Writing intensive professions are among some of the most flexible and malleable disciplines in the job sphere. If logistical, organizational and communicative necessities are required in business, there will always be a requirement for having proficient writing skills. Many individuals who enter college tend to understate the value of literary proficiency, usually looking to focus on allocating their skills in the STEM fields to gain more sought after majors from accounting to engineering. It would make sense to seek out a major that immediately pays dividends in the working world, but it would be uncreative to assume that these are the only methods to obtain marketability in today’s job climate. Writing offers a lot of value into the business world, especially when looking at public relations. The element that makes writing such an important element of PR is the fact that you are taught to know your audience, perform adequate research and to synthesize and evaluate information from various sources. Writing teaches you how to formulate new ideas and how to effectively communicate them, which is well and good, but what about creative writing?

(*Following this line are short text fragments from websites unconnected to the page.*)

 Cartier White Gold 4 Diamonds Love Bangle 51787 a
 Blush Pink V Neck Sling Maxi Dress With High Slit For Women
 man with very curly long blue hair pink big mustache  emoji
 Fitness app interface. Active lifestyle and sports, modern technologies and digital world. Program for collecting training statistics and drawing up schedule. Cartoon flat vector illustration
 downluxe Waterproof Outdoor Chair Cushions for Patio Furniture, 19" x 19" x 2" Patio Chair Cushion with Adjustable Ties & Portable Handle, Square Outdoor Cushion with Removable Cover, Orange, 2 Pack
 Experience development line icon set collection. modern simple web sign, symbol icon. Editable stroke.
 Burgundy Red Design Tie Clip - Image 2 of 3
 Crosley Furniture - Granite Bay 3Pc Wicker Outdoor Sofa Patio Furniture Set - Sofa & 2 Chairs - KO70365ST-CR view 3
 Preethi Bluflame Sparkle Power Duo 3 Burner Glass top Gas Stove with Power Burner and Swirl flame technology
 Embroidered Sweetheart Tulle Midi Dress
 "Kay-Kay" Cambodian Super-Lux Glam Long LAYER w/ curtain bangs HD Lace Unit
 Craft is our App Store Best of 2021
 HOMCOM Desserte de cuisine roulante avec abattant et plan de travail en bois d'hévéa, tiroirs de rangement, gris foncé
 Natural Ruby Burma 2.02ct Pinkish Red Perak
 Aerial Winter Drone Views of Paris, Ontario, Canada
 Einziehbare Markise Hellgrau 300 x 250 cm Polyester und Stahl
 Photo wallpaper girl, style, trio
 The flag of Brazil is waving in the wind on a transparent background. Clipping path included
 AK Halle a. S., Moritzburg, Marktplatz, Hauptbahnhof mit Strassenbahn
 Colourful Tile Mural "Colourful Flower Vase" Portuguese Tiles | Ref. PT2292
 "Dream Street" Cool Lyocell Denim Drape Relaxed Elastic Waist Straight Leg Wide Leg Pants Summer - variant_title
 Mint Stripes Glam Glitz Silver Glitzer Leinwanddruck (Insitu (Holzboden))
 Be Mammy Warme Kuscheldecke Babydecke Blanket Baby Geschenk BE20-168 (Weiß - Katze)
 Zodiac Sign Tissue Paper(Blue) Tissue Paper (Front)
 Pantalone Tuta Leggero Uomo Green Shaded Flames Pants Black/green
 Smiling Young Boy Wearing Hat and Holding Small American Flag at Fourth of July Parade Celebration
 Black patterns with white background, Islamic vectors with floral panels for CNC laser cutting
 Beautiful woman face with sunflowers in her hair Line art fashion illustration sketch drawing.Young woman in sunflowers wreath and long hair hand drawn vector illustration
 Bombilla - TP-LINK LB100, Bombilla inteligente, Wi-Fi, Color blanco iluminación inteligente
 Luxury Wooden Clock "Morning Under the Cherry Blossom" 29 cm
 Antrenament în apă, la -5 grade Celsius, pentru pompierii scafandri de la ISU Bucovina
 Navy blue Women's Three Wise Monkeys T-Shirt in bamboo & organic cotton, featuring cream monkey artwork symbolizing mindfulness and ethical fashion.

Creative writing, as an offshoot of the typical writing discipline, involves thinking outside of the normal conventions of regular straightforward prose. It involves experimentation, inspiration, and artistic expression; these disciplines rewire the actions involved with standard prose and add a stylistic flair that is used to communicate ideas in a unique way. These different forms of communication are typically present in narrative prose and poetry. They center around creating an idea and communicating it, like regular writing, but the focus of this discipline centers around the ‘how’. What is the best way to communicate these ideas? How can one make this essay more entertaining? What is the most compelling way to grab the audience’s attention? This is where we start entering the realm of the creative process. This process is centered around spending time analyzing what one wants out of their piece of work whether it is hapless self-indulgence or popular art.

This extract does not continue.